Trident nuclear missiles were designed in the 1980s to kill 10 million Russians.
These days, loaded onto submarines, they sail endlessly around under the world's seas, threatening nobody in particular.
With their fearsome capacity for mass destruction and death, nuclear weapons have always been immoral. Now, in the age of the suicide bomber, they have become supremely pointless.
But nuclear warheads can also be dangerous to those whose job it is to look after them. The Sunday Herald has often reported on the accidents, leaks and blunders that have plagued nuclear submarines, and their bases at Faslane and Coulport on the Clyde.
Today we reveal the dramatic fears of a young submariner so shocked by what he saw and heard at Faslane and on a Trident submarine that he felt he had to risk imprisonment to warn the public. Able seaman William McNeilly, now on the run, has written a genuinely frightening report.
The picture he paints is like a kind of bad disaster movie, where almost everything that could go wrong does. There are fires, leaks, floods, failed tests, false alarms, broken equipment and security breaches. The toilets don't work, a missile compartment is used as an exercise gym, and there are doubts about whether missiles could actually be successfully launched.
McNeilly may not have fully understood all he witnessed, and may sometimes be overly flowery with his language. But his report must be heeded. His suggestion that security is so poor that infiltrators could easily access the world's most lethal weapons is very disturbing.
Too many of the problems he highlights ring true, and have been suspected or hinted at before. We know from previous reports that the Royal Navy has long been struggling to recruit enough skilled nuclear engineers.

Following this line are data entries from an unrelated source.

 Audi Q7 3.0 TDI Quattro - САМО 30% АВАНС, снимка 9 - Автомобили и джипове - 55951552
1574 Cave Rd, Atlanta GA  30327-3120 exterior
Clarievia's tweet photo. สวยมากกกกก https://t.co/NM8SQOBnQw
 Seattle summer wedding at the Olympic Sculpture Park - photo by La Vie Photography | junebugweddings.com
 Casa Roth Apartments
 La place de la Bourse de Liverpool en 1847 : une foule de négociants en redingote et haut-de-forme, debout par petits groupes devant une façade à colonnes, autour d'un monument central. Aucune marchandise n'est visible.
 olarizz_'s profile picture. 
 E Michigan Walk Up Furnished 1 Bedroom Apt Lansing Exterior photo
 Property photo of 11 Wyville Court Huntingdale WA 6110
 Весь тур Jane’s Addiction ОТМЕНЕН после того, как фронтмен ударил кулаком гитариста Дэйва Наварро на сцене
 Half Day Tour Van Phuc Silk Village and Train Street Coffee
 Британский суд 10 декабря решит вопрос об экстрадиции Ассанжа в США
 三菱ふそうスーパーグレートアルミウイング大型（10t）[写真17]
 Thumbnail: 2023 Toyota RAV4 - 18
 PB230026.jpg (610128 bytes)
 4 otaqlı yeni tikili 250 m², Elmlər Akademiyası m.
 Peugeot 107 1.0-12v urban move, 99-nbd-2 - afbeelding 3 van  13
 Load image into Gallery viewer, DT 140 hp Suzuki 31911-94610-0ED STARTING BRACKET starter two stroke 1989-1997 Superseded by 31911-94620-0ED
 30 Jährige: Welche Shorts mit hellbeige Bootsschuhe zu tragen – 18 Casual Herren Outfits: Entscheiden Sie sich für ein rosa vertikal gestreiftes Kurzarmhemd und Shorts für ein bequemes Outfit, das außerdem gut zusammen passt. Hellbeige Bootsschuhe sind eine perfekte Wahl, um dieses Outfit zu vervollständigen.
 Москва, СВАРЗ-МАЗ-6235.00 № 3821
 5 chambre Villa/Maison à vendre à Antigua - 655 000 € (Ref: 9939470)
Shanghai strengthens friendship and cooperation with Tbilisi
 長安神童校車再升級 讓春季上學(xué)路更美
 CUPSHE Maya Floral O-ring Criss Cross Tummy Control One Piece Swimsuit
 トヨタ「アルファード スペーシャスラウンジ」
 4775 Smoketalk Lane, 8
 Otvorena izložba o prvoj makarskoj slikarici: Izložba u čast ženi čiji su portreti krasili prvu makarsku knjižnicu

That's why the Navy's decision to launch an investigation into his report is welcome. But it must be independent and transparent - and fully answer all the allegations made.
McNeilly is a whistleblower and must not be treated harshly - even if he has broke the rules. He seems to have had good motives, and it would be wrong to punish him for acting in the public interest.
Crucially, his revelations should reinforce Scotland's determination to get rid of Trident - and hasten the day when its sinister dark shapes stop sneaking in and out of the Clyde.